By John Scholl
The slight chill in the air seems to trigger the release of Oktoberfest beers throughout the U.S. This is one of my favorite styles of beer. Perhaps it’s my German heritage, or that I drank my fill of hop heavy summer beers, or maybe just like the change of seasons. Regardless of what it is, I welcome the release unlike the other flood of a certain seasonal beer *cough *cough* pumpkin.
Märzen (Oktoberfest style) has been used as the official Oktoberfest celebratory beer in Bavaria since the mid 1800s and is characterized with copper color, malt body, and clean finish. Since the flavor profile is similar for all Oktoberfest beers, you can be sure any brand will pair well with grilled meat, red sauces, and spicy dishes. There are many excellent Oktoberfest released from nano- to marco- breweries, I tried to review beers that can be bought across the nation.
My choices of Oktoberfest beers from good to best are Left Hand, New Glarus, Spaten, Samuel Adams, Goose Island, and Firestone Walker.
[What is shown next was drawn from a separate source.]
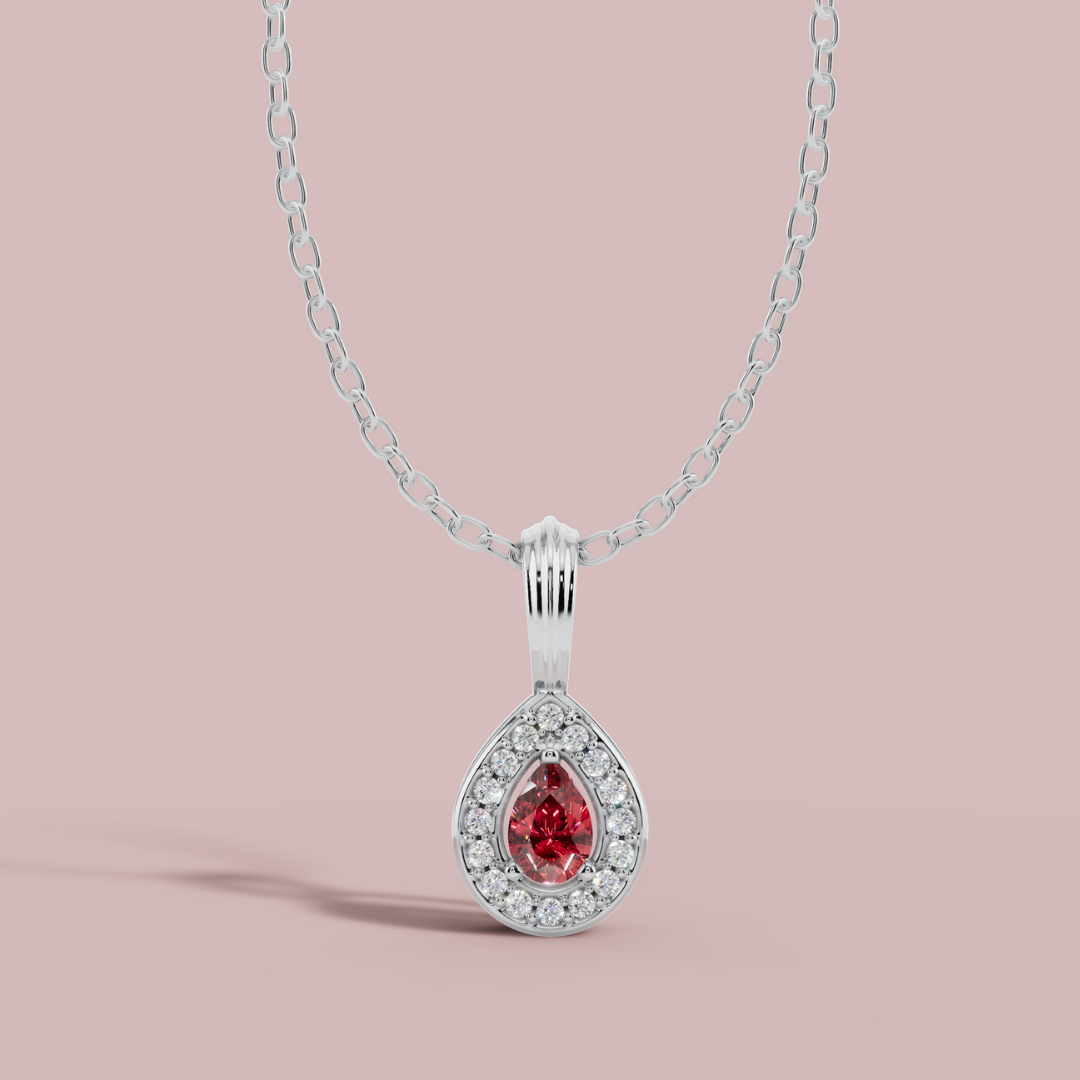 Delphi Red Pear 925 Pure Silver Necklace My Store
Firestone Walker Brewing Co – Oaktoberfest
OAKtoberfest. Oak. The reason why I picked this beer up was because I thought it was an Oktoberfest aged in oak barrels. After my first drink I realized that no oak was incorporated into this beer. I reached out via twitter to Firestone Walker to see what was up. They confirmed that the beer was brewed in 100% stainless steel and the “oak” is an ode to their home of Paso Robles. How funny of me to be confused. The oak issue aside, this may be my favorite Oktoberfest ever. It pours a straw color with a rich head that clings to the glass throughout consumption. Malt hits the palate with a slight pepperiness while finishing extremely crisp. This beer is brewed well and I’m happy that my oak mistake made me buy it. My only suggestion to make it better is to age it in an oak barrel.
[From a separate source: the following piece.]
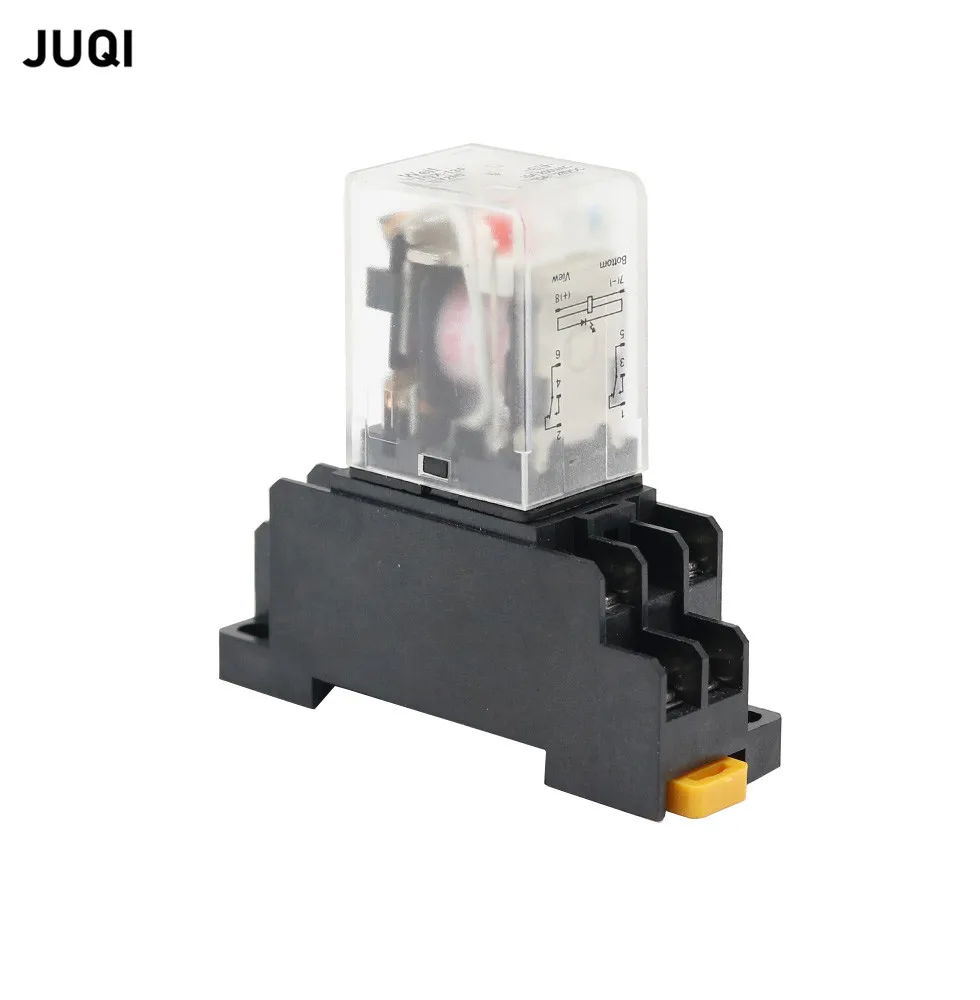 1Set LY2NJ JQX-13Fsmall Electromagnetic Power Relay DC12V DC24V AC110V AC220V Small relay 10A 8 Pins Coil DPDT With Socket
Goose Island Beer Co – Oktoberfest
While there are many Chicago breweries that release Oktoberfest beers, I wanted to choose the most accessible one from our great city. Goose Island consistently puts out a top notch Märzen that always winds up in my fridge this time of year. This beer has a lot complexity compared to some of the others on this list. It starts with sweet earthy nose, frothy head, and a balanced malt body. One of the hoppiest Oktoberfest beers I’ve had, in that I can actually taste some hop bitterness. The IBU clocks in at a whopping 17, so it’s by no means a hop-forward beer. What I really enjoy about this beer is that as it warms, the caramel flavors really start to shine through. I would love to reduce the beer down and cover an apple in it. Mmmm Oktoberfest caramel apples.
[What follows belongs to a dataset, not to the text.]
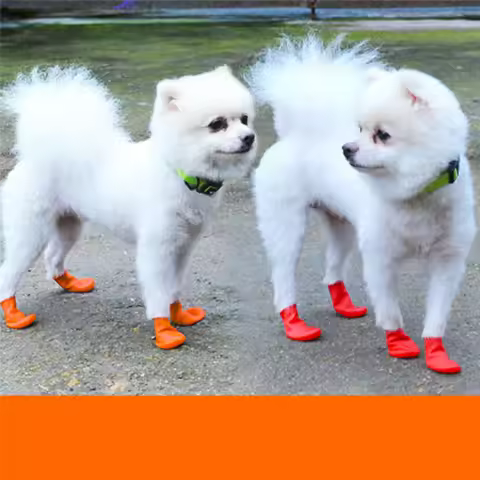 4Pc/Set Waterproof Paw Protector Balloon Rubber Rain Boots Cat Socks Footwear Anti Slip Pet Dog Shoe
Samuel Adams – Octoberfest
Sam Adams Octoberfest is perhaps the original-mass produced American Oktoberfest beer. This beer has been recommended to me as a gold standard of the style. I’ve tried it in the past but I really don’t remember anything earth shattering about it. This beer is one of the lowest in ABV and pours with a clingy head smelling of caramalt. I now have to agree with those who recommend this beer since it is such a solid drinker. It has a superb malt profile that clings to the roof of the mouth. The flavors stay with you between sips reminding you to take another drink.
Spaten – Oktoberfest
This beer comes from the Oktoberfest source; Munich Germany. If any brewery knows how to make the standard in Märzen, you’d imagine it would be one from the celebration’s epicenter. The thin head dissipates quickly, turning into a really balanced beer that’s not overpowering on malt. I would equate Spaten’s Oktoberfest to a dark Coors (in the best way) with effervescent carbonation and fresh finish. While American breweries attempt to make bigger and bolder malt notes in their Oktoberfests, Spaten keeps the style as a refreshing beer that may be a little mild to the US beer geek taste. I would drink this for days in Munich while wearing lederhosen dancing to polka and gorging on pretzels.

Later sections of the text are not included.